A farmhouse, dating from circa 1777, for Thomas Hancox of Daneway House, and associated agricultural buildings, comprising two stable blocks, one dated 1834, looseboxes, a calveshouse and an open-fronted implement shed.

Description


A farmhouse, dating from circa 1777, for Thomas Hancox of Daneway House, and associated agricultural buildings, comprising two stable blocks, one dated 1834, looseboxes, a calveshouse and an open-fronted implement shed.

MATERIALS
All the buildings are constructed from local limestone rubble, some with dressed quoins; the roofs are a mixture of Cotswold stone tiles and Welsh slate.

PLAN
The agricultural buildings partly surround a courtyard, which is fully enclosed on its north and east sides, and partly enclosed to the south; the house is set slightly apart to the west.

HOUSE
EXTERIOR
The house is of two storeys and three bays, a double-fronted range with a central, gabled entrance porch; to the left end, a lower additional bay of a single storey and attic, with a gabled half-dormer and gable end stack. To the right, the outshut returns to create a narrow gabled bay. There is a glazed lean-to to the right. The main range has been rendered, presumably to disguise the blocked window in the central bay at first-floor level. The entrance door is a C20 replacement in a wide opening, with glazed panels above raised and fielded panels. The windows are all horizontal, three-light timber casements. There are gabled dormers set centrally in the roof slopes to front and back.

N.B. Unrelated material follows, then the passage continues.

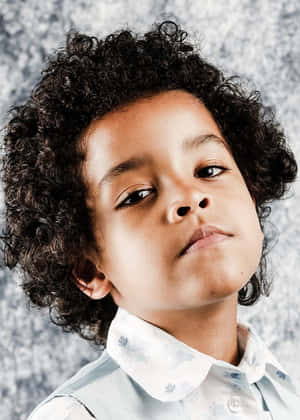 Curly Haired Boywith Light Skin Wallpaper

The gable end stacks are limestone ashlar, with moulded tops; one carries the date of 1777. The rear elevation is less regular, with an outshut clasping the rear of the original range, and returning to the east end. This has two gabled dormers set at irregular intervals. To the rear of the later bay at the west end, is a lean-to with a small external stack, possibly formerly a dairy or brewhouse.

INTERIOR
The house has a central entrance doorway under the porch, beyond which is a tongue-and-groove baffle, and six-panel doors to both principal rooms. The rooms to either side each have exposed ceiling beams and a winder stair of oak treads and risers set behind doors, one a plank-and-batten door of the late C18, the other a six-panel door of the C19. The room to the left has a late-C19 slate fireplace with panels painted as faux marble, and a tiled inset. A deep alcove with an arched top is set into the depth of the former rear wall, with a moulded bead surrounding it. The right-hand room has a moulded timber fireplace of similar date, together with built-in cupboards with C19 panelled doors. The additional bay to the west is reached through a late-C18 plank and batten door with strap hinges. The ground-floor room in this bay has a fireplace recess with timber bressumer over, late-C19 plate racks and an exposed ceiling beam. A C19 plank and batten door lead to the rear lean-to. The outshut running along the rear of the main range houses a late-C19 straight-flight stair with turned newels and stick balusters set against its rear wall. The first floor has two rooms in the main range, one of which has the blocked opening for an earlier sash window; the rooms have exposed ceiling beams, some with chamfers, and that to the right has a small timber moulded and shouldered fireplace with a semi-circular-arched, cast-iron grate with moulded details. The site of the emergence of the winder stair has been converted to a cupboard above waist height, set behind a C18 door. Adjacent is a small cupboard, perhaps formerly a smoking chamber, with L- and H-hinges to the C18 door. These rooms have late-C18 plank doors. The outshut is divided to create a bathroom, corridor and bedroom. The corridor leads to another corridor running from front to back of the main range, which gives access to one of the bedrooms in the main range, and the attic room in the western bay. This room has an exposed A-frame roof truss with lapped-on collar and iron fixings. The corridor also gives access to the winder stair to the attic, set behind a plank and batten door. The attic is divided into two spaces, divided by a C18 plank and batten door. The exposed roof structure has A-frame trusses with chamfered butt purlins and tenoned collars. The floors retain some of their wide elm boards.

LOOSEBOXES
This three-bay range, probably dating from the first half of the C19, adjoins the former dairy to the west, and the stable range to the east. The high single-storey range is stone-built to the rear, and timber-clad on a timber frame to the main elevation, with three stable doors. The roof is clad in Cotswold stone tiles to the front slope, and clay pantiles to the rear. The boxes are divided by three-quarter height timber partitions, and each retains its timber manger and rails. The steep roof is formed from trusses of paired principal rafters, tie beam, collar, yoke and twin purlins; there has been some later strengthening but the roof retains almost all of its original common rafters. It was reported that after the date of the inspection, much of the rear slope of the roof, including the trusses, had collapsed, by May 2013.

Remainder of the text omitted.